▸ **PROVIDED MATERIAL**

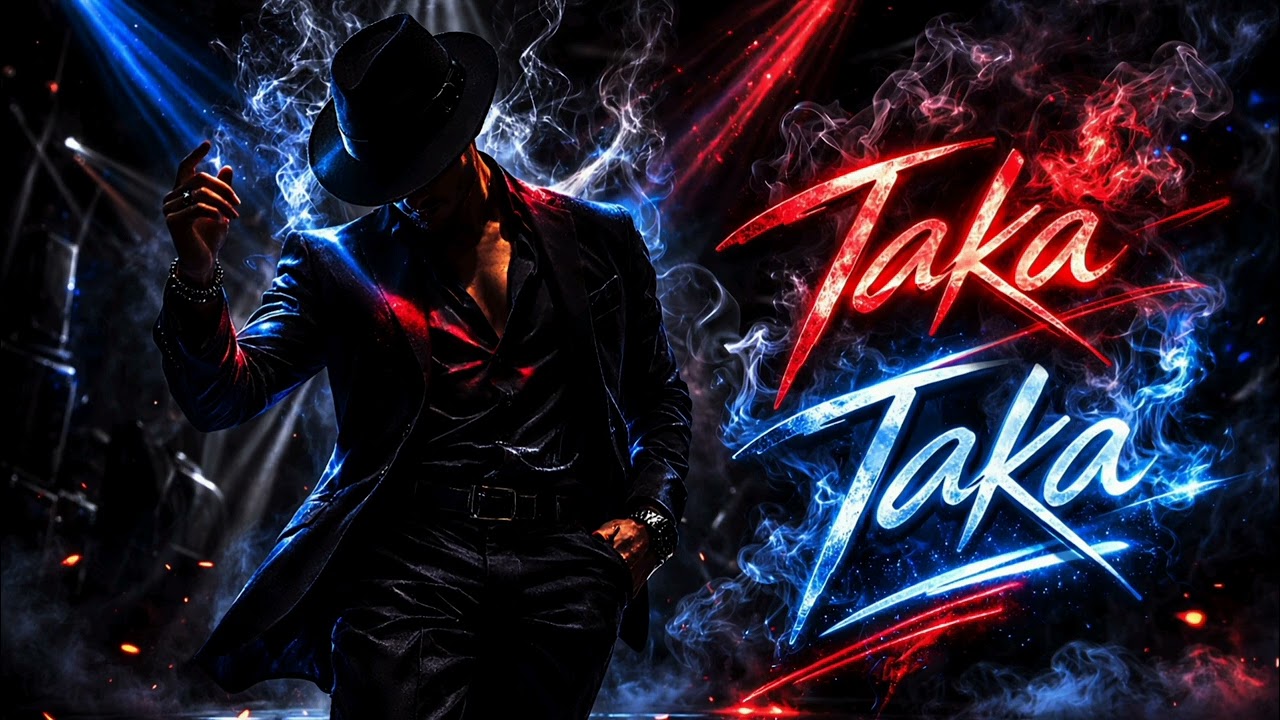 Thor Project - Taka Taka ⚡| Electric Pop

...

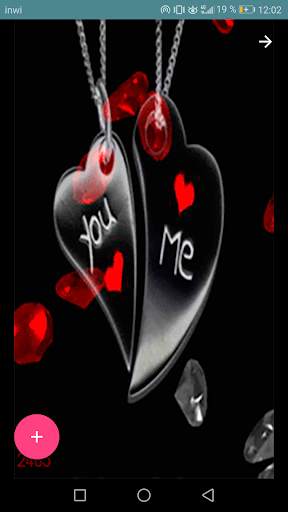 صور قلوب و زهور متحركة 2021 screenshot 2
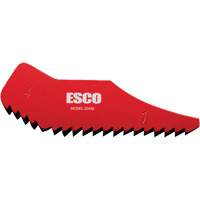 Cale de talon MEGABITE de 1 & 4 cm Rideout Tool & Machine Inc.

▸ **WORK TO COMPLETE**
Begin at the line in the entries above that has "صور قلوب و زهور متحركة 2021 screenshot 2", stop after the line that has "Cale de talon", and output exactly those lines without pictures.

▸ **EXPECTED ANSWER**
 صور قلوب و زهور متحركة 2021 screenshot 2
 Cale de talon MEGABITE de 1 & 4 cm Rideout Tool & Machine Inc.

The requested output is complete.